Clamecy se partagea en deux factions irréductiblement ennemies, qui se détestaient encore et ne se voyaient pas, plus de cinquante ans après les événements. Même entre cux qui avaient combattu ensemble, la haine fut si forte – les petites gens accablant les bourgeois qui les avaient entraînés dans le malheur – que certains durent quitter la ville, telle Mme Guerbet et ses enfants, ou n’osèrent pas y revenir après l’amnistie, ainsi de mme Rousseau, veuve et ruinée, de Quenouille qui s’établit à Sens, et même du « docteur des pauvres » Lachevrie. Pendant le Second Empire, la ville semble somnoler. L’arrivée du chemin de fer, en 1867, lui donna un dernier coup en ruinant le flottage.
Simone WAQUET
1 – P. Bernard, De la presse au sociétés secrètes, le parti socialiste-démocratique dans le Nivernais, 1848-1852, mémoire de maîtrise dirigé par P.Vigier, Nanterre, 1979.
2- op.cit.
3 – M. Autenzio, La résistance au coup d’État du 2 décembre 1851 dans la Nièvre, mémoire de maîtrise dirigé par P. Vigier, Tours, 1970.

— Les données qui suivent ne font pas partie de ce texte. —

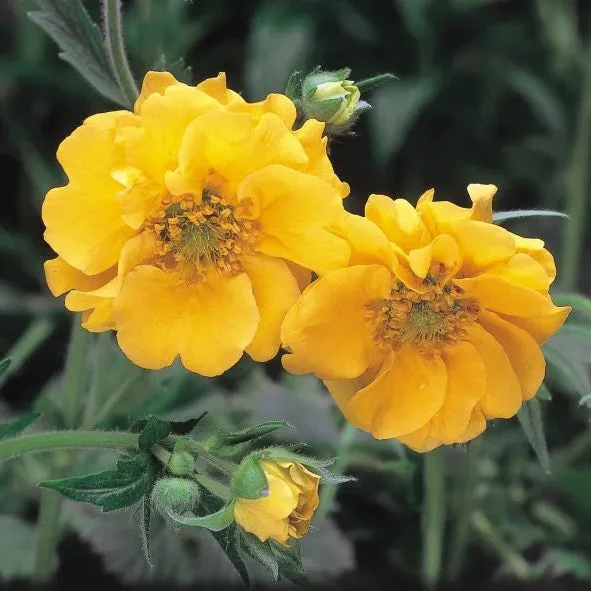 2 Geum 'Lady Stratheden' flowers in bloom
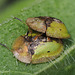 Tortoise Beetles (Cassida vibex)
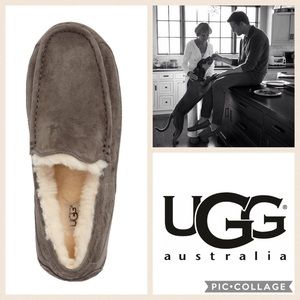 MENS!! UGG Ascot Suede Slipper {Espresso} 9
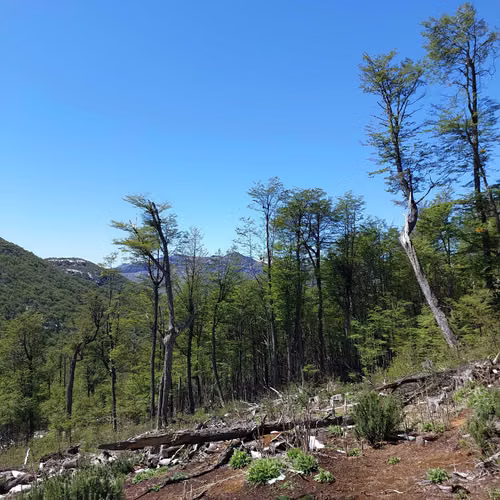 Terreno 35.000m² en Villa Ortega, Coyhaique (172846)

4 – Manuscrit de J.B. Parent, Evénement de 1851 à Clamecy, Bibl. de la Soc. scient. de Clamecy, cité in S.Waquet, Une dynastie républicaine dans la Nièvre, les Parent (Clamecy, 1796-1885), Gueugnon, 1987, p.187.
5 – Avant de quitter Clamecy, Eugène Millelot remboursa la recette, à 400 f. près, sans doute employés à régler les commerçants.
6 – J.B. Parent, op.cit. in S. Waquet, p.215.
7 – V. Hugo, Les Misérables, éd. La Pléiade, Paris, 1964, p.1072.
8 – A.N. BB30 374. Rapports des procureurs généraux de Bourges.
9 – Marlière redoublait de zèle pour faire oublier l’attitude très compromettante qu’il avait eu en 1848 à Chauny, où il dirigeait une petite fabrique en difficulté. Par la suite, il avait réussi à connaître Louis Napoléon Bonaparte, alors emprisonné à Ham. Ce protecteur inattendu l’avait tiré de la misère en le nommant à Clamecy où il était arrivé à la sous-préfecture le 16 décembre 1851.
10 – Gazette des tribunaux du 15 février 1852, cité aussi par E.Tenot, La province en décembre 1851, étude historique sur le coup d’État, Paris, 1865.